From time to time, we receive notice letters from patent holders alleging that certain of our products and services infringe their patent rights. Some of these have resulted in litigation against us. Companies have also filed trademark infringement and related claims against us over the display of ads in response to user queries that include trademark terms.
The outcomes of these lawsuits have differed from jurisdiction to jurisdiction. Courts in France have held us liable for allowing advertisers to select certain trademarked terms as keywords. We are appealing those decisions. We were also subject to two lawsuits in Germany on similar matters where the courts held that we are not liable for the actions of our advertisers prior to notification of trademark rights. We are litigating or have recently litigated similar issues in other cases in the U.S., France, Germany, Israel, Italy and Austria.

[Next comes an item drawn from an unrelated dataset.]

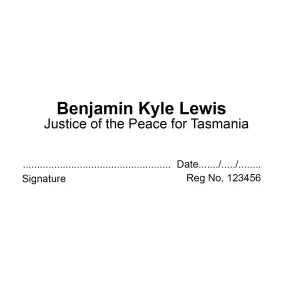 Justice Of The Peace Name Stamp Tasmania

In order to provide users with more useful ads, in 2004 we revised our trademark policy in the U.S. and Canada. Under our revised policy, we no longer disable ads due to selection by our advertisers of trademarks as
keyword triggers for the ads. We are currently defending this policy in trademark infringement lawsuits in the United States. Defending these lawsuits is consuming time and resources. Adverse results in these lawsuits may result in, or even compel, a change in this practice which could result in a loss of revenue for us, which could harm our business.
Certain entities have also filed copyright claims against us, alleging that features of certain of our products, including Google Web Search, Google News, Google Image Search, and Google Book Search, infringe their rights. Adverse results in these lawsuits may include awards of damages and may also result in, or even compel, a change in our business practices, which could result in a loss of revenue for us or otherwise harm our business. In addition, generally speaking, any time that we have a product or service that links to or hosts material in which others allege to own copyrights, we face the risk of being sued for copyright infringement or related claims. Because these products and services comprise the majority of our products and services, the risk of potential harm from such lawsuits is substantial.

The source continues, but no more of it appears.